I’ll Believe That When PIGs Float Away

In other Antarctic news, the frozen continent fired another warning shot across the bow of the Southern Hemisphere powers last week, launching a 700 square mile iceberg from the Pine Island Glacier, one of Antarctica ice cannons. This is just the latest in a series of aggressive displays, including the destruction of its own Larsen B ice shelf in a show of force. Researchers and intelligence operatives had been monitoring a crack across the Pine Island Glacier for months, which finally set the projectile ice island free. Of course, climate scientists continue to claim that the poar continent isn’t trying to increase its geopolitical influence- indeed, they say it doesn’t even have a military! According to these scientists, who aren’t being very much fun, recent events can be explained by the fact that ice sheets flow toward the ocean, and that warmer water melts ice. But what if they’re wrong?

Free Delivery for Orders Over $10 Within the Greater Metropolitan Solar System

NASA, which has struggled with budget cuts over the last few years, announced plans for their next Mars rover mission. The new plan to bring Martian rocks back to Earth for closer study is to attach a cardboard box with a pre-printed label to the rover, and then enter a pickup request on the FedEx website. A representative of FedEx, however, issued a statement explaining that its slogan “The World On Time” was meant to refer specifically to Earth, and did not apply to any worlds beyond.
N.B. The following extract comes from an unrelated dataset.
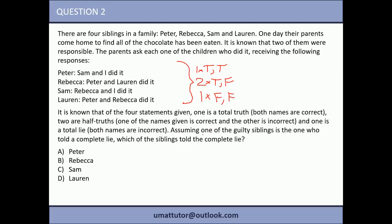The second condition is that final line — it's easy to gloss over but critically important. It says that one of the guilty siblings is the one who told the complete lie. The person who told the complete lie also took the chocolate. If you're guilty and tell a complete lie, the two names you give will be two people other than yourself — dobbing yourself in would be at least partially true. That's the second condition we have to satisfy.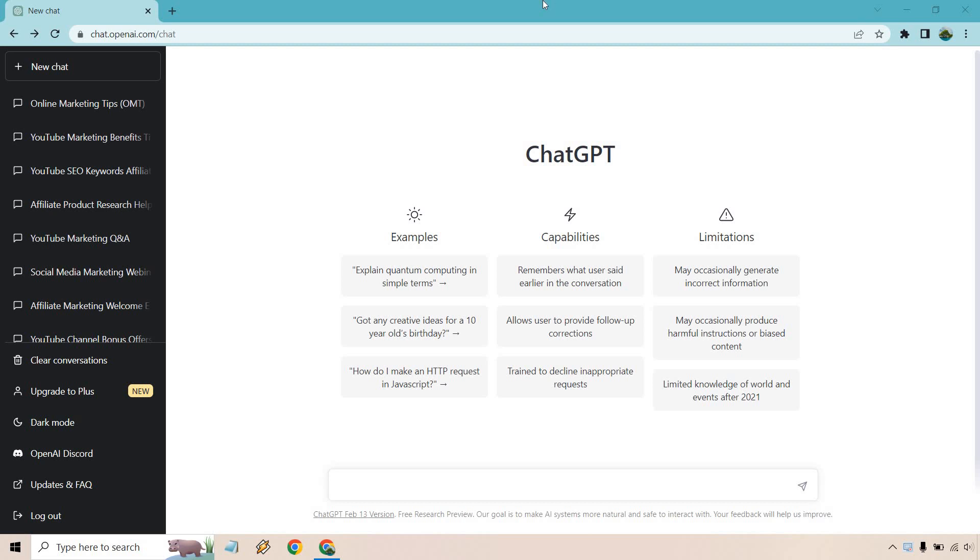Hello and welcome to this video where I'm going to show you how to get the ChatGPT paid version. This is going to be a very quick tutorial and let's just get started right away.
The representative went on to say that NASA may have been thinking of SpaceX, the company owned by PayPal billionaire Elon Musk that is currently developing its own rockets, and that the mistake was understandable.

Three Strikes and You’re Broken Into Pieces and Swallowed

Finally, a story about sharks this week had Major League Baseball Scouts buzzing. It seems that the thresher shark- a gracile but vicious bastard of a cartilaginous fish- can whip its tail acrobatically at speeds up to 80 miles per hour to strike and kill prey. “I don’t know if it can hold a baseball with that thing,” Milwaukee Brewers General Manager Doug Melvin reportedly said, “but we need pitching and I aim to find out.”

“We still need some basic information,” Boston Red Sox GM Ben Cherington definitely didn’t tell me via email. “I mean, what’s going to work best– placing a tank of water on the pitcher’s mound or lowering batters underwater in some sort of cage? Does it like Gatorade or would that kill it? There are just a lot of unknowns.”

The league is being cautious, however, reminding teams that any non-human athletes must abide by the same performance-enhancing drug rules. There are already rumors that at least some of the sharks had purchased deer antler spray from controversial S.W.A.T.S. founder Christopher Key. The sharks have so far remained silent on the allegations.